20170128 In memoriam Rob Blei

Op 28 januari is Rob Blei aan een hartstilstand overleden, hij was slechts 65 jaar oud. Rob heeft bijna zijn hele arbeidzame leven gewerkt bij het NBLC, de opvolgers en dus uiteindelijk bij NBD Biblion. De rode draad door zijn loopbaan was ICT.

Toen Rob in 1978 bij het NBLC begon te werken stond de automatisering nog in de kinderschoenen. De Openbare Bibliotheken begonnen zich toen net te oriönteren op geautomatiseerde uitleen- en catalogussystemen. Rob Kooyman was de enige medewerker bij het NBLC die verstand had van automatisering en die de bibliotheken kon voorlichten over deze nieuwe ontwikkelingen. Rob Blei werd aangetrokken omdat er behoefte was aan meer deskundigheid op dit gebied bij het NBLC. In het begin was er nog even de illusie dat de automatisering landelijk kon worden gecoördineerd. Maar binnen de korstte keren, in de bekende traditie van de Openbare Bibliotheken , buitelde men over elkaar om allerlei verschillende systemen aan te schaffen.
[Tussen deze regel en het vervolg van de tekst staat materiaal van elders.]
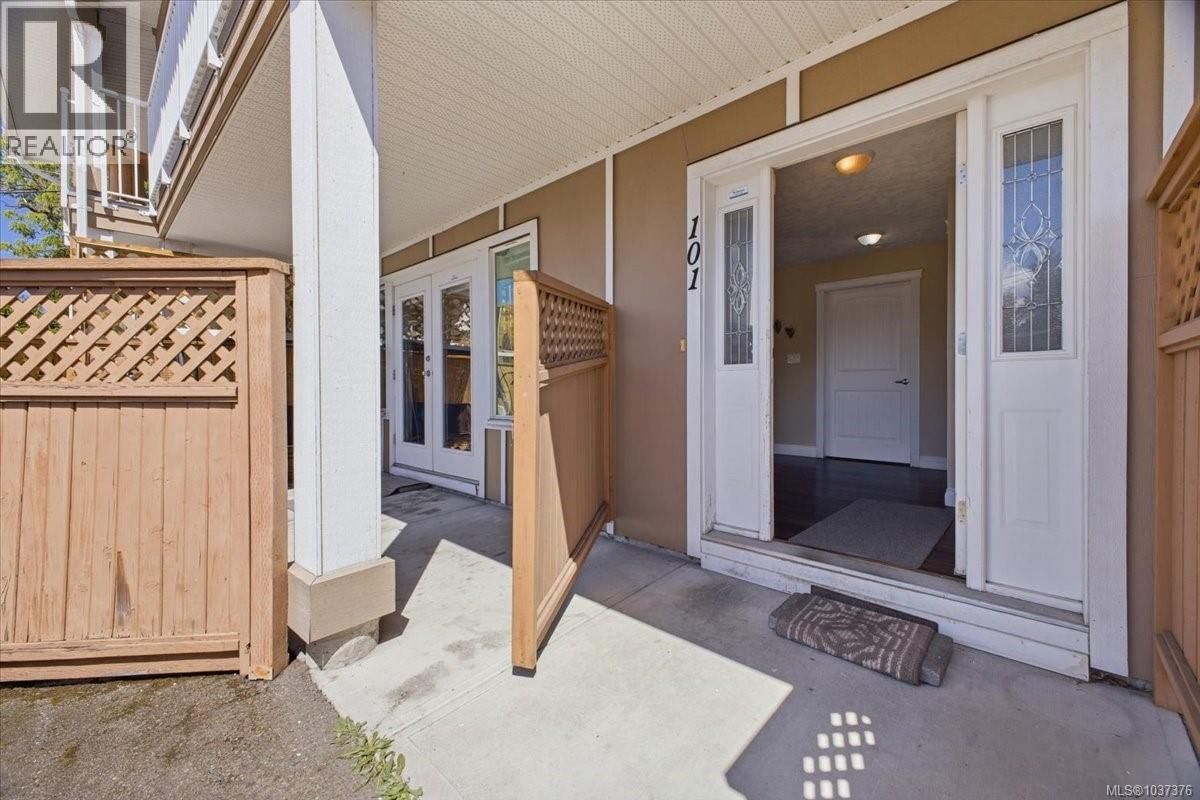 101 2510 Alexander Street property photo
Het gaat hier echt over het prille begin van de automatisering. Data werd nog opgeslagen op ponskaart en op tape. Rob heeft het allemaal meegemaakt. De eerste kantoor PC, de eerste online raadpleegbare databases, de CD ROM, de prille opkomst van het Internet. Het begin van de digitale dienstverlening van het NBLC met titelbeschrijvingen op tape. Databases als de LITErom op CD ROM en later online raadpleegbaar. Rob was bij al deze ontwikkelingen betrokken. Het is nu nauwelijks meer voor te stellen welke ingrijpende veranderingen in deze jaren hebben plaatsgevonden. Het NBLC kreeg in 1980 een afdeling Automatisering, waar ook Rob deel van uitmaakte. Rob heeft zich zowel met de interne automatisering bezig gehouden als met de automatisering bij de bibliotheken. De automatisering op deze twee terreinen werd ook steeds meer met elkaar verknoopt.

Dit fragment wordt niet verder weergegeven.